La collaborazione tra Coldiretti Verona e l’Ospedale di Santa Giuliana si rinnova e si rafforza con nuovi progetti dedicati alla riabilitazione dei giovani pazienti. Oltre al laboratorio di cucina, attivo da un anno presso il Mercato Coperto di Campagna Amica, un’altra iniziativa prende ora il via dopo una fase di sperimentazione, offrendo ai ragazzi ospiti dell’ospedale esperienze riabilitative in contesti naturali e lontani dalle strutture sanitarie.
Questa nuova proposta prevede attività presso tre fattorie didattiche e sociali affiliate a Coldiretti Verona, selezionate appositamente dai professionisti dell’ospedale per le loro caratteristiche educative. Qui, i giovani pazienti, seguiti da operatori qualificati, potranno acquisire nuove competenze pratiche, come la gestione di un alveare, la cura degli animali da cortile, la coltivazione dell’orto e del frutteto, con la raccolta delle mele, e l’utilizzo di materie prime naturali per attività creative come la pittura.
Tiziano Zenere, direttore generale di Santa Giuliana, ha espresso entusiasmo per questa collaborazione: “Il progetto delle Fattorie Sociali con Coldiretti rappresenta un’opportunità unica per i nostri ragazzi di uscire dall’ambiente ospedaliero e interagire con persone in un contesto aperto, naturale e di socializzazione.

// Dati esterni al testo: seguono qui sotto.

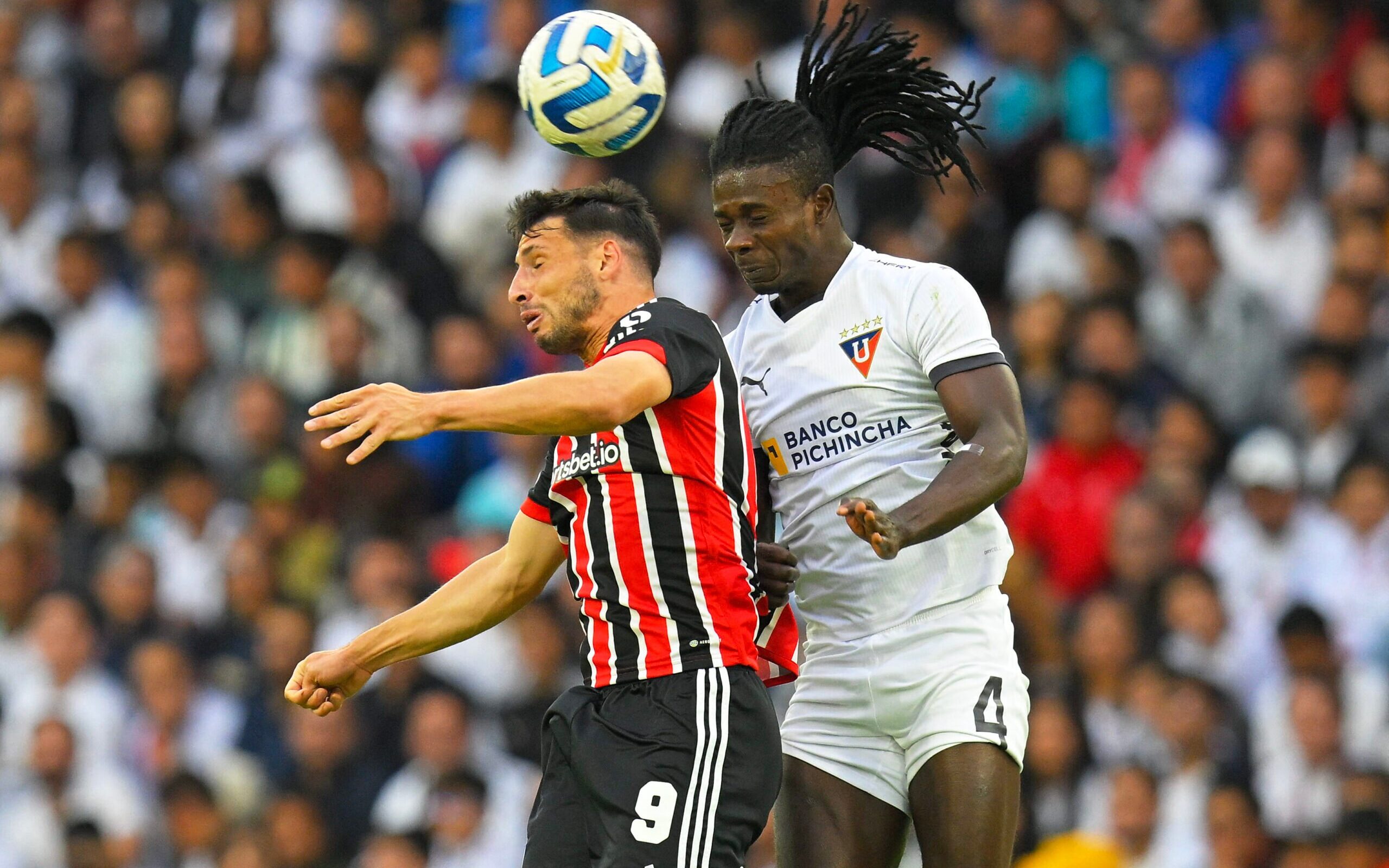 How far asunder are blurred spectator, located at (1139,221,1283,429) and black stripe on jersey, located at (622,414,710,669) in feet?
17.0

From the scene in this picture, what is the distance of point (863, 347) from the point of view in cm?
543

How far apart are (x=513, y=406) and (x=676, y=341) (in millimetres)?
543

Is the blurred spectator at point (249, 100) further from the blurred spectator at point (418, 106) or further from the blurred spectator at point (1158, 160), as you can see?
the blurred spectator at point (1158, 160)

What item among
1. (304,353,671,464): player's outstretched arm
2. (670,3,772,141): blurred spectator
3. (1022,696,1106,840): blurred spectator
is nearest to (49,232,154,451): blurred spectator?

Durante le visite, osservano da vicino il ciclo di produzione agricola, un’esperienza che ha un forte impatto educativo e formativo. Questo tipo di attività non solo aiuta nel percorso di cura, ma rappresenta anche un’importante iniziativa di prevenzione per la salute mentale dei giovani”.

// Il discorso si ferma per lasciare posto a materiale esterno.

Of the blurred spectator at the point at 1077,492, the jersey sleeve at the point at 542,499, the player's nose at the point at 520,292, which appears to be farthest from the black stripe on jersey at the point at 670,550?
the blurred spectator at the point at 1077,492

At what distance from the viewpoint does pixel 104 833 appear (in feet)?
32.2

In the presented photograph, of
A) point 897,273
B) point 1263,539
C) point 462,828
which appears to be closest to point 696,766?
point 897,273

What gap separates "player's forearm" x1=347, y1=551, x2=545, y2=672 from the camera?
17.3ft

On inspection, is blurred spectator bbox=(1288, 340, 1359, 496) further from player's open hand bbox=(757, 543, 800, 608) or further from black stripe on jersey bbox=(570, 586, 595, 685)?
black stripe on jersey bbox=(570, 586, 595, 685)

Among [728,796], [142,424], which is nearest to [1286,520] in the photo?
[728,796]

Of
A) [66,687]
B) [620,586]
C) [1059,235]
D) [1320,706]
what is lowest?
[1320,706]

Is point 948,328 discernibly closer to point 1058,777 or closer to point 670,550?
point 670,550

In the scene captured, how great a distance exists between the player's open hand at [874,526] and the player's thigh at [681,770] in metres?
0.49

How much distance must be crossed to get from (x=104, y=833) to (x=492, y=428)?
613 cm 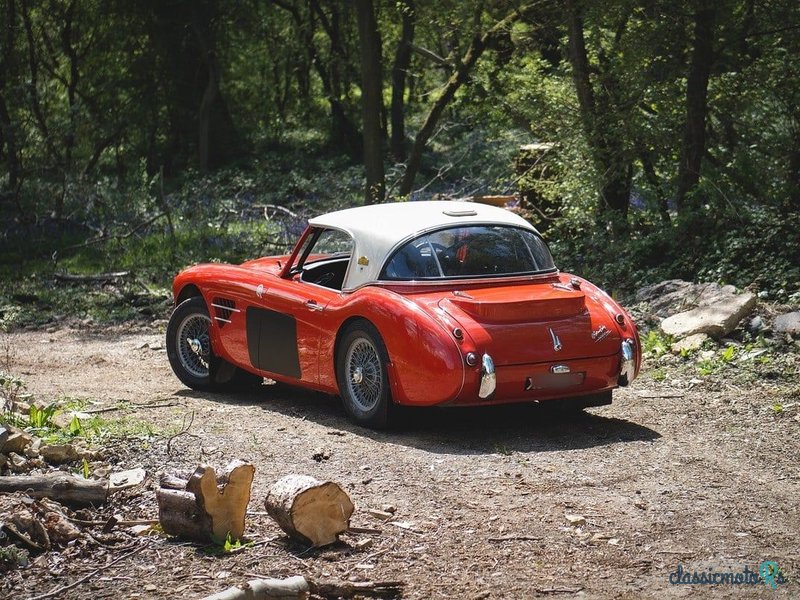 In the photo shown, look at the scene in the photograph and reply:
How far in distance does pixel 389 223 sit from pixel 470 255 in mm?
667

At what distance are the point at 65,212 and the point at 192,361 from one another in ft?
37.3

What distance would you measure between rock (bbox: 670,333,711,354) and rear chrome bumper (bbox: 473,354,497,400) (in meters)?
3.39

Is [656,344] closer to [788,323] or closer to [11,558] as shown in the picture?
[788,323]

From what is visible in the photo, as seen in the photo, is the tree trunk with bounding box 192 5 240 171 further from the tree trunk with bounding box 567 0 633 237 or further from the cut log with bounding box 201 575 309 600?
the cut log with bounding box 201 575 309 600

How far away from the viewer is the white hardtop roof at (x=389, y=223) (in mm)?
8383

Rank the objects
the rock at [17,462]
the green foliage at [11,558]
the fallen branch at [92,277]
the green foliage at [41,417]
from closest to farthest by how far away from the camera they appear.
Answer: the green foliage at [11,558] < the rock at [17,462] < the green foliage at [41,417] < the fallen branch at [92,277]

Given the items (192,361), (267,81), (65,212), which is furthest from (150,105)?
(192,361)

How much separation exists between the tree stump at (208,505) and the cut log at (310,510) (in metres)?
0.17

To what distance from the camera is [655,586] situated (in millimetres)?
4879

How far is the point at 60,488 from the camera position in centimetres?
593

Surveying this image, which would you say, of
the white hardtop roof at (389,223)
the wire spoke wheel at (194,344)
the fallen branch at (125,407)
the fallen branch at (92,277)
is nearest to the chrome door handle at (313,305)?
the white hardtop roof at (389,223)

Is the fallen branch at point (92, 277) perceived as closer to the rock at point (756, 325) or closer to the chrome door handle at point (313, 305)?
the chrome door handle at point (313, 305)

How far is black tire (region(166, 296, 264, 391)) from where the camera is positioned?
986cm

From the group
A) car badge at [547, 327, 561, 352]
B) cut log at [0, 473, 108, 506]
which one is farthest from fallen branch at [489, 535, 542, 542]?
car badge at [547, 327, 561, 352] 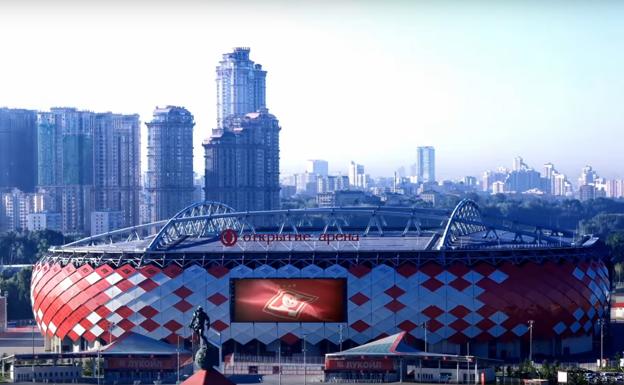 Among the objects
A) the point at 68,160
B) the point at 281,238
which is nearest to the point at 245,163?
the point at 68,160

Amedeo Bezzetto, psicoterapeuta responsabile dell’Area Riabilitativa Adolescenti di Santa Giuliana, ha aggiunto: “Partecipare attivamente alle attività in fattoria permette ai ragazzi di allontanarsi dal mondo digitale e di confrontarsi con la realtà concreta, supportati da adulti che li guidano senza giudizio. Queste esperienze promuovono relazioni autentiche e una connessione emotiva tangibile. Le attività svolte, come la trasformazione dei prodotti agricoli, la lavorazione del latte per fare il formaggio e la preparazione di dolci con le uova, offrono un approccio terapeutico innovativo al di fuori delle mura ospedaliere”.
Giuseppe Ruffini, direttore di Coldiretti Verona, ha dichiarato: “Abbiamo subito riconosciuto il valore di collaborare con l’Ospedale di Santa Giuliana per sostenere la nostra missione di supporto alla comunità. Le fattorie sociali stanno assumendo un ruolo sempre più rilevante grazie alla preparazione degli operatori e alla stretta collaborazione con le strutture assistenziali che si occupano dei soggetti più fragili della società”.
Coldiretti Veneto, inoltre, ha richiesto un aggiornamento della legislazione regionale in materia, con l’obiettivo di allineare le normative locali a quelle nazionali previste dalla Legge 141/2015, valorizzando ulteriormente il ruolo delle fattorie sociali. In Veneto sono attive circa 35 fattorie sociali, di cui 9 aderenti a Coldiretti nel territorio veronese.